Scott’s account differed. According to him, he was driving in a safe manner, but that Seale began yelling at him for no reason. He denied intentionally trying to hit Seale.

The following day, Seale placed Scott on emergency off-duty status, citing the prior day’s incident as grounds. Several days later, Seale notified Scott that he would be terminated from the Service, effective February 1, 2002.

Scott grieved both the emergency leave and termination. While unsuccessful at the administrative level, he did earn a partial victory in arbitration. The arbitrator found that Scott had engaged in unsafe behavior, but ordered he be reinstated in light of his many years of service. The arbitrator specifically declined to award back pay, though, because Scott had “intentionally committed clear and serious violations of established [workplace] safety rules.”

Scott filed a complaint with the EEOC, which was denied. He then brought this instant action, alleging retaliation, age discrimination, reverse racial discrimination, disparate impact, hostile work environment, sexual harassment, and a Bivens claim. Both sides consented to having the matter heard before a magistrate judge. On the defendants’ motion, the magistrate judge granted them summary judgment. Scott timely appealed.

II.

“We review de novo the district court’s grant of summary judgment” for defendants. Bur ns v. Coca-Cola Enters., Inc., 222 F.3d 247, 252 (6th Cir.2000). Summary judgment is justified “if the pleadings, depositions, answers to interrogatories, and admissions on file, together with the affidavits, if any, show that there is no *523 genuine issue as to any material fact and that the moving party is entitled to a judgment as a matter of law.” Fed. R.Civ.P. 56(c). We consider the evidence and draw all reasonable inferences in favor of the nonmoving party. Mahon v. Crowell, 295 F.3d 585, 588 (6th Cir.2002).

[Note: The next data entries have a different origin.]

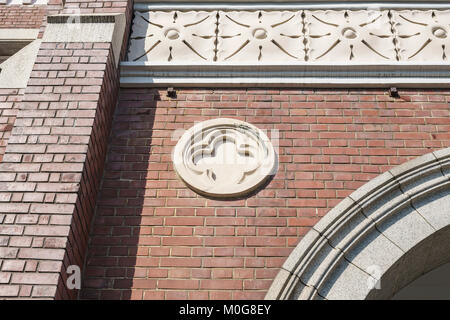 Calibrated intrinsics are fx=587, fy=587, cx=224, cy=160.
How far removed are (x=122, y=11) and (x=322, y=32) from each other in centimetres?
171

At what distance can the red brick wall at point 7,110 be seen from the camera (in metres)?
4.45

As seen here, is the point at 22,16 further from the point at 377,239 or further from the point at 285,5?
the point at 377,239

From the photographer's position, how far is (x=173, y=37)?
16.6ft

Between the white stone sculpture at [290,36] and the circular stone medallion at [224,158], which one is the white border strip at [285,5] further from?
the circular stone medallion at [224,158]

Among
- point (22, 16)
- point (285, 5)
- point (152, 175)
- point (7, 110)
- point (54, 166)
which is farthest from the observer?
point (22, 16)

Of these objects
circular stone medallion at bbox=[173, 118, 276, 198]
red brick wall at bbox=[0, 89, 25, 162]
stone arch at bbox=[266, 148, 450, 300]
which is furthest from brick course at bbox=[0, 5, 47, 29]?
stone arch at bbox=[266, 148, 450, 300]

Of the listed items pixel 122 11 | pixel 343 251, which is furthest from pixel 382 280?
pixel 122 11

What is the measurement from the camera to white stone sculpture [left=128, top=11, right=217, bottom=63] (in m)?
4.94

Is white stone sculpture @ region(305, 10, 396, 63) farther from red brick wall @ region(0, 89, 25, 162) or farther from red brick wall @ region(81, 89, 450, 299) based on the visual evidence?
red brick wall @ region(0, 89, 25, 162)

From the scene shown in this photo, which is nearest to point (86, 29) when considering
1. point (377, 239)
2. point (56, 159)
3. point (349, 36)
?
point (56, 159)

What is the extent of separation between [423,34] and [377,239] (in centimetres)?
204

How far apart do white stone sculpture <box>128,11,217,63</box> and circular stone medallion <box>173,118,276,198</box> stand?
0.74m

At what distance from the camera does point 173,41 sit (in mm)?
5023

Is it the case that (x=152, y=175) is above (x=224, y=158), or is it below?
below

A. Claims Not Raised on Appeal

Scott does not raise on appeal any issues involving his reverse racial discrimination, disparate impact, hostile work environment, sexual harassment, or Bivens claims. “Issues which were raised in the district court, yet not raised on appeal, are considered abandoned and not reviewable on appeal.” Robinson v. Jones, 142 F.3d 905, 906 (6th Cir.1998) (citing Enertech Elec., Inc. v. Mahoning County Comm’rs, 85 F.3d 257, 259 (6th Cir.1996)).

B. Retaliation

As his first issue on appeal, Scott argues the magistrate judge erred in granting the defendants summary judgment on his retaliation claim. Employers may not retaliate against an employee for engaging in activity protected under Title VII of the Civil Rights Act of 1974 (“Title VII”), 42 U.S.C. § 2000e-3(a), or the Age Discrimination in Employment Act of 1967 (the “ADEA”), 29 U.S.C. § 623(d). Retaliation claims are subject to the McDonnell-Douglas burden-shifting framework. See Hazen Paper Co. v. Biggins, 507 U.S. 604, 612, 113 S.Ct. 1701, 123 L.Ed.2d 338 (1993) (ADEA); Wrenn v. Gould, 808 F.2d 493, 500 (6th Cir.1987) (Title VII). Initially, to establish a prima facie case of retaliation, an employee must show that:

(1) he engaged in activity protected by Title VII [or the ADEA]; (2) the exercise of his civil rights was known to the defendant; (3) thereafter, the defendant took an employment action adverse to the plaintiff; and (4) there was a causal connection between the protected activity and the adverse employment action.

Nguyen v. City of Cleveland, 229 F.3d 559, 563 (6th Cir.2000) (citation omitted).